Sunday 24 September 2017

Native Intelligence On Atlantis?

In Poul Anderson's Virgin Planet, there are many species of large birds on the planet Atlantis so must one such species become intelligent? Not necessarily. See:

Avian Aliens
Civilization-Clusters
Scientific Speculation And An Artistic Convention

Intelligence is not inevitable. Many species survive without it. There may be planets where no species is naturally selected for intelligence. Alternatively, some active, alert, adaptable animal able to change its behavior in response to environmental alterations might nevertheless be overcome by circumstances and fail to survive before it has become a talking tool-user.

1 comment:

Sean M. Brooks said...

Kaor, Paul!

Your last sentence above reminded of what I read in A KNIGHT OF GHOSTS AND SHADOWS about Dennitza having a tool making species which might have been intelligent. But they were wiped out by the glaciers which covered the planet. Some remains of them were found by the human colonists long afterwards as the glaciers receded.

Alternately, tool making or using species don't have to always be intelligent.
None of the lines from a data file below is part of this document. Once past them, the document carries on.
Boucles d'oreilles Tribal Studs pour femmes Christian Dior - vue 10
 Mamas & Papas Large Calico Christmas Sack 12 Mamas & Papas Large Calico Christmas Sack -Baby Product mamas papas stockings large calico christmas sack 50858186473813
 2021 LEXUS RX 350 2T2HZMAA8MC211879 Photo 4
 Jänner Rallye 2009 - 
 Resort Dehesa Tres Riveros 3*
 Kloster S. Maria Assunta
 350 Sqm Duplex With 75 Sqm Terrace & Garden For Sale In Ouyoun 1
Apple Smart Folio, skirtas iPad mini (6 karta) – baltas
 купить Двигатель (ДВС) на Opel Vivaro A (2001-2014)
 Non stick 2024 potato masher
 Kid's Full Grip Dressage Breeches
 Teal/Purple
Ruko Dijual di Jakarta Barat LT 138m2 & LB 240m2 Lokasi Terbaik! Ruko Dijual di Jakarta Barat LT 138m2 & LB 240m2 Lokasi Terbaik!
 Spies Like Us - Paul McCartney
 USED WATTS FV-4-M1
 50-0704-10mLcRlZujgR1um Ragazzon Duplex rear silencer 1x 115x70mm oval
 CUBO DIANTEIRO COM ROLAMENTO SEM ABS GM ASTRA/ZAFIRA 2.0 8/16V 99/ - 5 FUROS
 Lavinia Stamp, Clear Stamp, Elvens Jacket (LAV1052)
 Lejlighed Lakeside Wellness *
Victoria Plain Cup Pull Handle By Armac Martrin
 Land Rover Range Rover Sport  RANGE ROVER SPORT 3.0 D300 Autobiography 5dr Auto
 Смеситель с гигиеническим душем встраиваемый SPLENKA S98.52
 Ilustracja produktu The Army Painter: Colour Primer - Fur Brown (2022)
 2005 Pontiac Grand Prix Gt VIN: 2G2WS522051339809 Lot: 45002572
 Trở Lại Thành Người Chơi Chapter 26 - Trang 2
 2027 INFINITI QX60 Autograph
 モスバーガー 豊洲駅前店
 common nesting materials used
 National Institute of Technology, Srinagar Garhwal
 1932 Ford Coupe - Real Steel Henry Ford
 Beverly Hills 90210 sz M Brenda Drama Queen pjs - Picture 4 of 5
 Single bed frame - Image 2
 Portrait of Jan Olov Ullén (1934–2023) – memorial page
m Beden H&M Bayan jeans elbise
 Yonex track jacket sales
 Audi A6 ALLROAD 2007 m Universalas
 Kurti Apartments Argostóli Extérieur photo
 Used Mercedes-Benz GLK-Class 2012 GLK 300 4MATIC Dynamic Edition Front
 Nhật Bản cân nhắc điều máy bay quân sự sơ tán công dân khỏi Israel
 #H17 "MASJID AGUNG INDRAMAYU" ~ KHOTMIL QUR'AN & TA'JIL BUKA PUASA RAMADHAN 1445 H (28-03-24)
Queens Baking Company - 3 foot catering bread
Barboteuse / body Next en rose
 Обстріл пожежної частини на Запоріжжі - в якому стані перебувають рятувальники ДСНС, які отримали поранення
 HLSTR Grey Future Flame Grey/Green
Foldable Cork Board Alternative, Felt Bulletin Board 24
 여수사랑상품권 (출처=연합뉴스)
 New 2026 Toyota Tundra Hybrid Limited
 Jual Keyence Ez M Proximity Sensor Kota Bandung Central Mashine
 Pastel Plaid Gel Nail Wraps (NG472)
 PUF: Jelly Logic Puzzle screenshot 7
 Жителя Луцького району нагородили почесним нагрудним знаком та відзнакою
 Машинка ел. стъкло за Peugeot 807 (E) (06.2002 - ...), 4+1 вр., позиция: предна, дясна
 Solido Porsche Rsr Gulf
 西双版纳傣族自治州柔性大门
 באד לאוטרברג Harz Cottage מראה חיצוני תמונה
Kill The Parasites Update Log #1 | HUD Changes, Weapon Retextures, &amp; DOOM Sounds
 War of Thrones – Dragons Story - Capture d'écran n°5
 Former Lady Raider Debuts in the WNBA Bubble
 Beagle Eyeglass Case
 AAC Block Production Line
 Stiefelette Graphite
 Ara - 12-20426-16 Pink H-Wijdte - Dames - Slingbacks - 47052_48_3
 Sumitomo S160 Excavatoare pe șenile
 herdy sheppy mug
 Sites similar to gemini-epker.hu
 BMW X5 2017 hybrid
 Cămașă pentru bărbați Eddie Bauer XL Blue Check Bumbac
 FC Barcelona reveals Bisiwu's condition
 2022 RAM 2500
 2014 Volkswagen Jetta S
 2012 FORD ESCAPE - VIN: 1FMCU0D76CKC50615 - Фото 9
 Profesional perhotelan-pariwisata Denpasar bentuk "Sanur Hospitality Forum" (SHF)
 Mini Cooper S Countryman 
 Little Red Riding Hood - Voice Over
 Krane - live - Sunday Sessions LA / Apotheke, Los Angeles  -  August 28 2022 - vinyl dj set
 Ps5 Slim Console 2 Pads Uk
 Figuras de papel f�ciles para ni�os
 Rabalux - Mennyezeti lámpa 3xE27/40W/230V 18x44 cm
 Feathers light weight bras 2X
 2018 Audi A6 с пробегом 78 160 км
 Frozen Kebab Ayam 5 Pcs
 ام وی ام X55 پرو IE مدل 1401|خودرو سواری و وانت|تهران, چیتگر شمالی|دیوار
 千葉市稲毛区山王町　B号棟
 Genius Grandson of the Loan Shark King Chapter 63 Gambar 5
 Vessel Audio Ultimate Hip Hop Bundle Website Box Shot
One example being Anderson's story "The Serpent In Eden." One of the humans stranded by an accident on that planet discovered that fact when she realized the dinosauroid creatures there had no interest in communicating with them, lack of curiosity, lack of community, the young being able to fend for themselves from the moment of hatching, willingness to attack and eat each other, etc.

A WORLD NAMED CLEOPATRA (1977) is one of those robin books collecting stories by several authors using a common theme or location/planet. Poul Anderson contributed two parts: an essay/introduction called "A World Named Cleopatra," and the story "The Serpent In Eden." Unfortunately, I did not like the stories by the other authors. Largely because they seemed ponderous, heavy, and flat.